D. J. Covington

Personal information
- Born: August 5, 1991 (age 34) Virginia Beach, Virginia, U.S.
- Listed height: 6 ft 9 in (2.06 m)
- Listed weight: 235 lb (107 kg)

Career information
- High school: Norfolk Academy (Norfolk, Virginia)
- College: VMI (2010–2014)
- NBA draft: 2014: undrafted
- Playing career: 2014–2016
- Position: Power forward / center

Career history
- 2014: Basic-Fit Brussels
- 2015: Alaska Aces
- 2015: Nea Kifissia
- 2015–2016: Phoenix Hagen

Career highlights
- First-team All-Big South (2014); 2× Big South Defensive Player of the Year (2013, 2014); Big South Freshman of the Year (2011);

= D. J. Covington =

American basketball player

Darius Jamar "D. J." Covington (born August 5, 1991) is an American former professional basketball player. He finished his collegiate career with the VMI Keydets basketball team, also finishing as the NCAA's 24th leading scorer in his senior year and won the Big South's Defensive Player of the Year in 2013 and 2014.

==High school career==
Covington attended Norfolk Academy from 2006 to 2010. In his junior season, he averaged 15 points, 9 rebounds and 2 blocks per game. He followed that up in his senior year with 18 points, 11 rebounds and 3 blocks per game. Covington was named to the first-team All-Tidewater Conference Independent Schools as well as All-Virginia Prep League three times. He also played on the school's football team at wide receiver.

==College career==
Covington made an impression in his freshman year for VMI in 2010–11, averaging 9.1 points and 5.3 rebounds per game, as well as 57 shot blocks en route to a Big South Freshman of the Year award. He was also dubbed the top Division I freshman in the state of Virginia.

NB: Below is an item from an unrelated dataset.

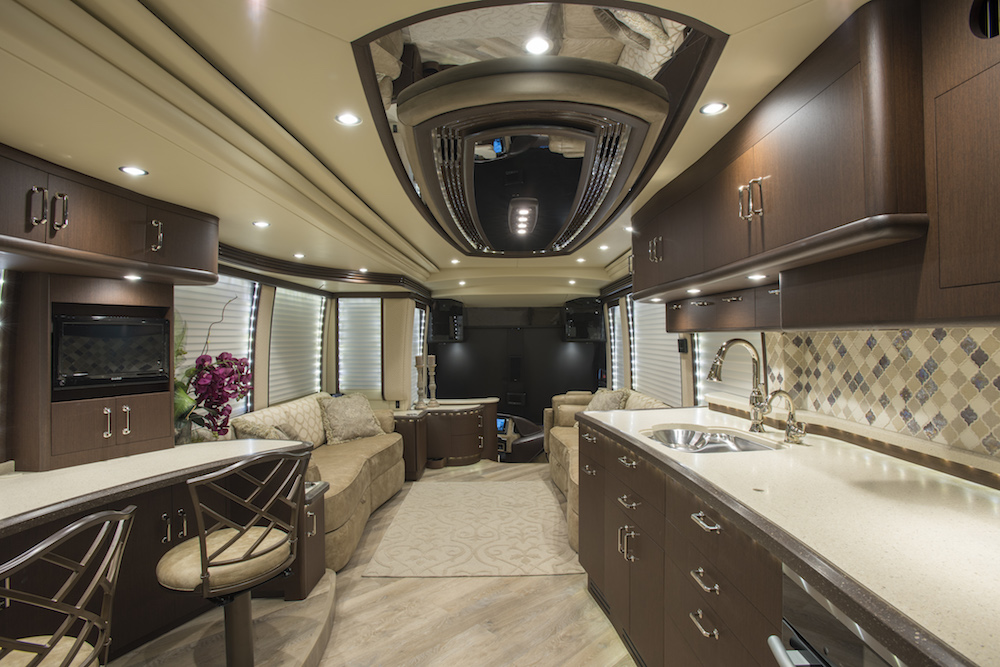 2016 Prevost Liberty H3-45 For Sale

Covington struggled in his sophomore campaign, playing in only 24 of the Keydets' 33 as he was hampered with a back injury. Covington managed to heat up towards the end of the year, shooting 68% from the field in the conference tournament. He ended up averaging only 5 points and 2.7 rebounds per game, which were both career lows. Covington was much improved his junior season, and his 7.2 rebounds and 3.0 blocks per game helped him earn his first Big South Defensive Player of the Year award. He was also effective on the offensive end, scoring 15 points per game, and his 56% shooting percentage led the conference.

Covington continued his upward trend in his senior year. He averaged 20.1 points per game, good for 24th in the country, and pulled down 9.3 rebounds. He shot 59% from the floor and improved his free throw shooting as well, shooting 70% from the line. His 106 blocks gave him a career 272 rejections, which became a VMI career record. Covington beat out D. J. Cunningham of UNC Asheville by two points to earn his second straight Defensive Player of the Year award.

==Professional career==

===2014–15 season===
On May 19, 2014, Covington signed with Basic-Fit Brussels for the 2014–15 Scooore League season. In December 2014, he parted ways with Brussels after appearing in eight games. On January 17, 2015, he signed with the Alaska Aces of the Philippine Basketball Association. However, he last just four games with Alaska before being replaced in the line-up by Damion James on February 18. Nine days later, he signed with Nea Kifissia for the rest of the 2014–15 Greek Basket League season.

===2015–16 season===
On July 22, 2015, Covington signed with Phoenix Hagen of Germany for the 2015–16 season.